“Fine. I’ll pretend I believe you.” Chuckling, Mason rolled away and sat up, running a hand through his dark hair. After two weeks in the jungle, it had grown longer, curling on the ends that stopped just below his collar. Dirty and tangled as it was, the long hair made him even more ruggedly handsome. He’d lost the crisp cut he usually sported with his business attire, and the relaxed look suited him.
We made a great team, so breaking camp didn’t take us long. We’d gotten into a rhythm; I’d roll up the blanket as Mason filled our water bottles, and we’d split a bag of peanuts as we put our shoes on. We could be up and on our way in under ten minutes. It seemed silly—we weren’t facing deadlines, and there were no clocks or watches for miles—but every minute we walked was a minute closer to making it out of there.
I saw pain flash across his face as he slipped his shoes on, but he doesn’t complain. I saw the shutters drop over his eyes, hiding his emotions, His face went flat. Always the macho man, he took the pain with a stoicism I could never pull off. The flesh on his feet was red, angry, and oozing from countless festering wounds. He needed more medical attention than I could provide with our meager supplies. Sighing, I looked away. There was nothing I could do about his feet.
Untying the bandage on my arm, I looked at my own injury and was pleased to see it scabbed over. It didn’t look infected. Down at the edge of the water, I washed the blood out and wrap my arm again.
“Why don’t you lead today?” I knew his pace would be slower than mine. Our rolls had reversed. He had been taking care of and protecting me since we left the plane, but it was my turn to care for him.

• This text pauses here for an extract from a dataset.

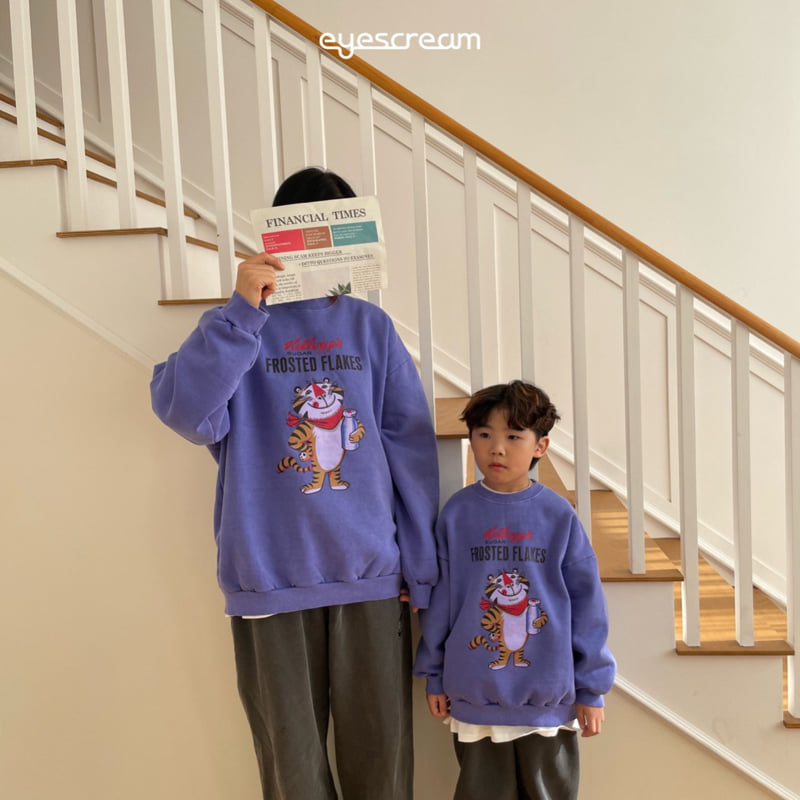 Eyescream - Korean Women Fashion - #pursuepretty - New Face Kellogg Sweatshirt (Adult)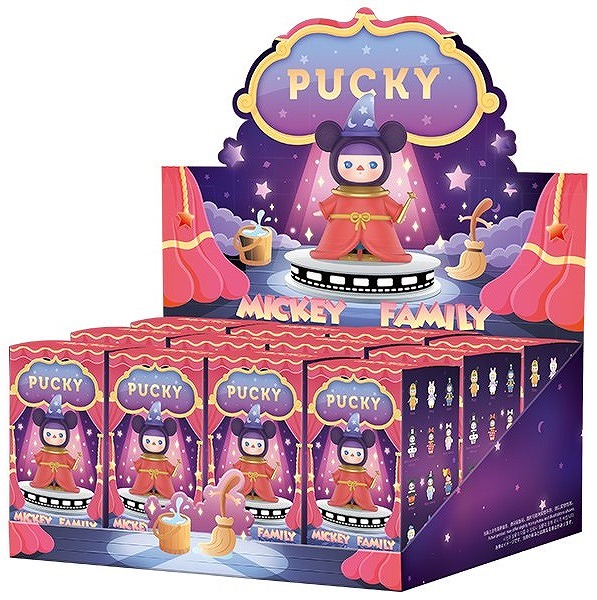 Books Kinokuniya: Pucky Mickey Family / Blind Box (6941448623175)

He looked at me but said nothing before he turned and started picking his way along the riverbank, sticking to the softer soil and trying to avoid the rocks. I’m sure the rough terrain was killing him. He’d been quiet since that first exchange when I woke him. This experience had affected us both. I think it’s changed us. I just hoped we were both changing for the better.
Once a care-free party-boy, interested only in making more money, this new Mason seemed much more serious, more grown-up. New lines had appeared on his face, and more gray streaked at his temples. I was sure I’d changed, too. I felt more confident. Just thinking about my father no longer made my blood pressure rise. And while I would have loved his blessing on my life, I no longer felt like I need it to be whole.
Mason
Lower and lower we descended, making slow but steady progress down the mountain to a valley. The river we followed slowed more the further we walked, flowing gracefully over large round rocks that mountain runoff had worn smooth over the years.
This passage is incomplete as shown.